Task:
Nothing may be left out or changed. Print every entry.
-.-.-
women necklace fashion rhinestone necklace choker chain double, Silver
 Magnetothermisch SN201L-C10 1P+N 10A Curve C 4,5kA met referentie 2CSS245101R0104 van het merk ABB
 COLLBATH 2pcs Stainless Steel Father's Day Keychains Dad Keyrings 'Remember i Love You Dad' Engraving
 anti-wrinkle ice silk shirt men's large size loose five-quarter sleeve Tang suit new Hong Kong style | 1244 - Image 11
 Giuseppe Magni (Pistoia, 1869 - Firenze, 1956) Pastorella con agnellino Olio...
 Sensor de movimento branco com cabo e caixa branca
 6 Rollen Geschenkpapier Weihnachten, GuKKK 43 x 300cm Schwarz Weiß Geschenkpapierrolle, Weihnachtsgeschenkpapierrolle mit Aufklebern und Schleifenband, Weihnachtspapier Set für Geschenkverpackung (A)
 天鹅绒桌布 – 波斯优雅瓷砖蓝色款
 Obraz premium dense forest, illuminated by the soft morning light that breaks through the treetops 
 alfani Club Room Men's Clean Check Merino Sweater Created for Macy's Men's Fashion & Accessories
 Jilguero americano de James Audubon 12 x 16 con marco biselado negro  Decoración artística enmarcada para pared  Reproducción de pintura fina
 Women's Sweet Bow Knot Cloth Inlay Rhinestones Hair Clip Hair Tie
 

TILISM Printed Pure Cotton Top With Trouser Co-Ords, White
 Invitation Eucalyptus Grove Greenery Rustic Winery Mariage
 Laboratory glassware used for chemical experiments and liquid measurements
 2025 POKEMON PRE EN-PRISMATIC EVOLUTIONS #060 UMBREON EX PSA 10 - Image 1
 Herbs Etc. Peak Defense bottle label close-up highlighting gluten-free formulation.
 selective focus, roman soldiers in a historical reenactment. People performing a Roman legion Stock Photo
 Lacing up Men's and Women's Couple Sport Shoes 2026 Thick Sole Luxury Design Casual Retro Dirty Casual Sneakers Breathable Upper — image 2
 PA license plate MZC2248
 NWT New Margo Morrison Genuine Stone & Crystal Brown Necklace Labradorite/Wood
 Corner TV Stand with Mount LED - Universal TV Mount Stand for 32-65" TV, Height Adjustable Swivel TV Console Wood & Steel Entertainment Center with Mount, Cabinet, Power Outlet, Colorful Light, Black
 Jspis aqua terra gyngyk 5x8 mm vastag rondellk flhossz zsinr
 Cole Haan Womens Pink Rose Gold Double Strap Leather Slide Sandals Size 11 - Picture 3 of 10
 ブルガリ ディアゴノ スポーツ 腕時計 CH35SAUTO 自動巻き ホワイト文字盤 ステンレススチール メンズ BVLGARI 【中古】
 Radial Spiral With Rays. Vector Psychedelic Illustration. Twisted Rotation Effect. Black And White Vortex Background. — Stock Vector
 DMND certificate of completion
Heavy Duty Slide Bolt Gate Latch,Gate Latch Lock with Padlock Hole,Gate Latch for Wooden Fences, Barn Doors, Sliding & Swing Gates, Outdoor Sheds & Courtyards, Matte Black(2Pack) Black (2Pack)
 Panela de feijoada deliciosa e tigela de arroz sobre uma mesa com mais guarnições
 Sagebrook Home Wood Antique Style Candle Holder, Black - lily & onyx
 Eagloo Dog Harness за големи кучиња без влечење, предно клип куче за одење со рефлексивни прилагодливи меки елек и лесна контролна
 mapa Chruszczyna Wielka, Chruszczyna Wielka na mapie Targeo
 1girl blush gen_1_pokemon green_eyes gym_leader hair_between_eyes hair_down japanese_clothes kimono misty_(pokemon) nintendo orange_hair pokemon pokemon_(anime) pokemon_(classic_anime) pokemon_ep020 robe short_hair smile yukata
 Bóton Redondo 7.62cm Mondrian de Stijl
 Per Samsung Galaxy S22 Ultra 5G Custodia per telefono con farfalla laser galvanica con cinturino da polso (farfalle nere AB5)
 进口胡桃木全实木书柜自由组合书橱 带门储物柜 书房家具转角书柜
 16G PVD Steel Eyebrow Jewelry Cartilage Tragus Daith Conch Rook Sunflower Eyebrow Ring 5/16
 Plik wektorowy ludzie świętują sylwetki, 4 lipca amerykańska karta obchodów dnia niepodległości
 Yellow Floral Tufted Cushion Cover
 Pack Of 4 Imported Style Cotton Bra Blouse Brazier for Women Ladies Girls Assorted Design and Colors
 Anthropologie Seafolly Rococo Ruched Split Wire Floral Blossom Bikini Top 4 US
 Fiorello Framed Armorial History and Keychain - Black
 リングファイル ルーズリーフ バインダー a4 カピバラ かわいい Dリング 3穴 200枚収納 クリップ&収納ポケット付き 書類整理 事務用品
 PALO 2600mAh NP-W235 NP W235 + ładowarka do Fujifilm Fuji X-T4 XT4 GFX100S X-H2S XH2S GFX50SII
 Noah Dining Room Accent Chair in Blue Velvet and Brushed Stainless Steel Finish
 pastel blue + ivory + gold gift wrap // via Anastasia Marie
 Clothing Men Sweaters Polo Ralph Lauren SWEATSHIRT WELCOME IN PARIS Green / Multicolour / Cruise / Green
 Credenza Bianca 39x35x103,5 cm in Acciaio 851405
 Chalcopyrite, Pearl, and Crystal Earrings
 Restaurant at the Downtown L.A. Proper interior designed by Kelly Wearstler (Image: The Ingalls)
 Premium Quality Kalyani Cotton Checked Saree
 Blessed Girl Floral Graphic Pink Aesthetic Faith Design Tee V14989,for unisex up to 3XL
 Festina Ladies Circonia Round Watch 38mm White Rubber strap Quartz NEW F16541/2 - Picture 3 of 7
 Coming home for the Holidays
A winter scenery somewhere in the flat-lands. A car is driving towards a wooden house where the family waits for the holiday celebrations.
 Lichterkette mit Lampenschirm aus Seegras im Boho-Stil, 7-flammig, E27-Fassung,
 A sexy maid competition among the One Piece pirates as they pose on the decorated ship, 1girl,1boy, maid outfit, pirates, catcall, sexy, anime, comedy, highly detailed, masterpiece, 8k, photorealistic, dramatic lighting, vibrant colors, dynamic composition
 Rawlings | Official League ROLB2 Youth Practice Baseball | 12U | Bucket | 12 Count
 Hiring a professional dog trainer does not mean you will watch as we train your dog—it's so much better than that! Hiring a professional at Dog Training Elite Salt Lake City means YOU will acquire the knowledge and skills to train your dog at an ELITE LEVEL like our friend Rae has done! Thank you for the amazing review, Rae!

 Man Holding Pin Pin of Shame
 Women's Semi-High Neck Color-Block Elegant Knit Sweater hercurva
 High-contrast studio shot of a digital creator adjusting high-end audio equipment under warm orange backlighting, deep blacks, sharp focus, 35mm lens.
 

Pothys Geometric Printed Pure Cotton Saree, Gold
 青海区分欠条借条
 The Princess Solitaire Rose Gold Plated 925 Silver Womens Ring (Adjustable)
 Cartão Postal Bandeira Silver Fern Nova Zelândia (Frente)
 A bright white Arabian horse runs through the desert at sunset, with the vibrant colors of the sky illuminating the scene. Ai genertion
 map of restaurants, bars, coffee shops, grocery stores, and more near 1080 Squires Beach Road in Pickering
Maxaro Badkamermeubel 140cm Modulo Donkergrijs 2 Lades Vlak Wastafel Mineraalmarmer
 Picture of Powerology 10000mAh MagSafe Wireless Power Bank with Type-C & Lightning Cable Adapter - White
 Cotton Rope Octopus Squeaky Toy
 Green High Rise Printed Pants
-.-.-
Answer:
women necklace fashion rhinestone necklace choker chain double, Silver
 Magnetothermisch SN201L-C10 1P+N 10A Curve C 4,5kA met referentie 2CSS245101R0104 van het merk ABB
 COLLBATH 2pcs Stainless Steel Father's Day Keychains Dad Keyrings 'Remember i Love You Dad' Engraving
 anti-wrinkle ice silk shirt men's large size loose five-quarter sleeve Tang suit new Hong Kong style | 1244 - Image 11
 Giuseppe Magni (Pistoia, 1869 - Firenze, 1956) Pastorella con agnellino Olio...
 Sensor de movimento branco com cabo e caixa branca
 6 Rollen Geschenkpapier Weihnachten, GuKKK 43 x 300cm Schwarz Weiß Geschenkpapierrolle, Weihnachtsgeschenkpapierrolle mit Aufklebern und Schleifenband, Weihnachtspapier Set für Geschenkverpackung (A)
 天鹅绒桌布 – 波斯优雅瓷砖蓝色款
 Obraz premium dense forest, illuminated by the soft morning light that breaks through the treetops 
 alfani Club Room Men's Clean Check Merino Sweater Created for Macy's Men's Fashion & Accessories
 Jilguero americano de James Audubon 12 x 16 con marco biselado negro  Decoración artística enmarcada para pared  Reproducción de pintura fina
 Women's Sweet Bow Knot Cloth Inlay Rhinestones Hair Clip Hair Tie
 

TILISM Printed Pure Cotton Top With Trouser Co-Ords, White
 Invitation Eucalyptus Grove Greenery Rustic Winery Mariage
 Laboratory glassware used for chemical experiments and liquid measurements
 2025 POKEMON PRE EN-PRISMATIC EVOLUTIONS #060 UMBREON EX PSA 10 - Image 1
 Herbs Etc. Peak Defense bottle label close-up highlighting gluten-free formulation.
 selective focus, roman soldiers in a historical reenactment. People performing a Roman legion Stock Photo
 Lacing up Men's and Women's Couple Sport Shoes 2026 Thick Sole Luxury Design Casual Retro Dirty Casual Sneakers Breathable Upper — image 2
 PA license plate MZC2248
 NWT New Margo Morrison Genuine Stone & Crystal Brown Necklace Labradorite/Wood
 Corner TV Stand with Mount LED - Universal TV Mount Stand for 32-65" TV, Height Adjustable Swivel TV Console Wood & Steel Entertainment Center with Mount, Cabinet, Power Outlet, Colorful Light, Black
 Jspis aqua terra gyngyk 5x8 mm vastag rondellk flhossz zsinr
 Cole Haan Womens Pink Rose Gold Double Strap Leather Slide Sandals Size 11 - Picture 3 of 10
 ブルガリ ディアゴノ スポーツ 腕時計 CH35SAUTO 自動巻き ホワイト文字盤 ステンレススチール メンズ BVLGARI 【中古】
 Radial Spiral With Rays. Vector Psychedelic Illustration. Twisted Rotation Effect. Black And White Vortex Background. — Stock Vector
 DMND certificate of completion
Heavy Duty Slide Bolt Gate Latch,Gate Latch Lock with Padlock Hole,Gate Latch for Wooden Fences, Barn Doors, Sliding & Swing Gates, Outdoor Sheds & Courtyards, Matte Black(2Pack) Black (2Pack)
 Panela de feijoada deliciosa e tigela de arroz sobre uma mesa com mais guarnições
 Sagebrook Home Wood Antique Style Candle Holder, Black - lily & onyx
 Eagloo Dog Harness за големи кучиња без влечење, предно клип куче за одење со рефлексивни прилагодливи меки елек и лесна контролна
 mapa Chruszczyna Wielka, Chruszczyna Wielka na mapie Targeo
 1girl blush gen_1_pokemon green_eyes gym_leader hair_between_eyes hair_down japanese_clothes kimono misty_(pokemon) nintendo orange_hair pokemon pokemon_(anime) pokemon_(classic_anime) pokemon_ep020 robe short_hair smile yukata
 Bóton Redondo 7.62cm Mondrian de Stijl
 Per Samsung Galaxy S22 Ultra 5G Custodia per telefono con farfalla laser galvanica con cinturino da polso (farfalle nere AB5)
 进口胡桃木全实木书柜自由组合书橱 带门储物柜 书房家具转角书柜
 16G PVD Steel Eyebrow Jewelry Cartilage Tragus Daith Conch Rook Sunflower Eyebrow Ring 5/16
 Plik wektorowy ludzie świętują sylwetki, 4 lipca amerykańska karta obchodów dnia niepodległości
 Yellow Floral Tufted Cushion Cover
 Pack Of 4 Imported Style Cotton Bra Blouse Brazier for Women Ladies Girls Assorted Design and Colors
 Anthropologie Seafolly Rococo Ruched Split Wire Floral Blossom Bikini Top 4 US
 Fiorello Framed Armorial History and Keychain - Black
 リングファイル ルーズリーフ バインダー a4 カピバラ かわいい Dリング 3穴 200枚収納 クリップ&収納ポケット付き 書類整理 事務用品
 PALO 2600mAh NP-W235 NP W235 + ładowarka do Fujifilm Fuji X-T4 XT4 GFX100S X-H2S XH2S GFX50SII
 Noah Dining Room Accent Chair in Blue Velvet and Brushed Stainless Steel Finish
 pastel blue + ivory + gold gift wrap // via Anastasia Marie
 Clothing Men Sweaters Polo Ralph Lauren SWEATSHIRT WELCOME IN PARIS Green / Multicolour / Cruise / Green
 Credenza Bianca 39x35x103,5 cm in Acciaio 851405
 Chalcopyrite, Pearl, and Crystal Earrings
 Restaurant at the Downtown L.A. Proper interior designed by Kelly Wearstler (Image: The Ingalls)
 Premium Quality Kalyani Cotton Checked Saree
 Blessed Girl Floral Graphic Pink Aesthetic Faith Design Tee V14989,for unisex up to 3XL
 Festina Ladies Circonia Round Watch 38mm White Rubber strap Quartz NEW F16541/2 - Picture 3 of 7
 Coming home for the Holidays
A winter scenery somewhere in the flat-lands. A car is driving towards a wooden house where the family waits for the holiday celebrations.
 Lichterkette mit Lampenschirm aus Seegras im Boho-Stil, 7-flammig, E27-Fassung,
 A sexy maid competition among the One Piece pirates as they pose on the decorated ship, 1girl,1boy, maid outfit, pirates, catcall, sexy, anime, comedy, highly detailed, masterpiece, 8k, photorealistic, dramatic lighting, vibrant colors, dynamic composition
 Rawlings | Official League ROLB2 Youth Practice Baseball | 12U | Bucket | 12 Count
 Hiring a professional dog trainer does not mean you will watch as we train your dog—it's so much better than that! Hiring a professional at Dog Training Elite Salt Lake City means YOU will acquire the knowledge and skills to train your dog at an ELITE LEVEL like our friend Rae has done! Thank you for the amazing review, Rae!

 Man Holding Pin Pin of Shame
 Women's Semi-High Neck Color-Block Elegant Knit Sweater hercurva
 High-contrast studio shot of a digital creator adjusting high-end audio equipment under warm orange backlighting, deep blacks, sharp focus, 35mm lens.
 

Pothys Geometric Printed Pure Cotton Saree, Gold
 青海区分欠条借条
 The Princess Solitaire Rose Gold Plated 925 Silver Womens Ring (Adjustable)
 Cartão Postal Bandeira Silver Fern Nova Zelândia (Frente)
 A bright white Arabian horse runs through the desert at sunset, with the vibrant colors of the sky illuminating the scene. Ai genertion
 map of restaurants, bars, coffee shops, grocery stores, and more near 1080 Squires Beach Road in Pickering
Maxaro Badkamermeubel 140cm Modulo Donkergrijs 2 Lades Vlak Wastafel Mineraalmarmer
 Picture of Powerology 10000mAh MagSafe Wireless Power Bank with Type-C & Lightning Cable Adapter - White
 Cotton Rope Octopus Squeaky Toy
 Green High Rise Printed Pants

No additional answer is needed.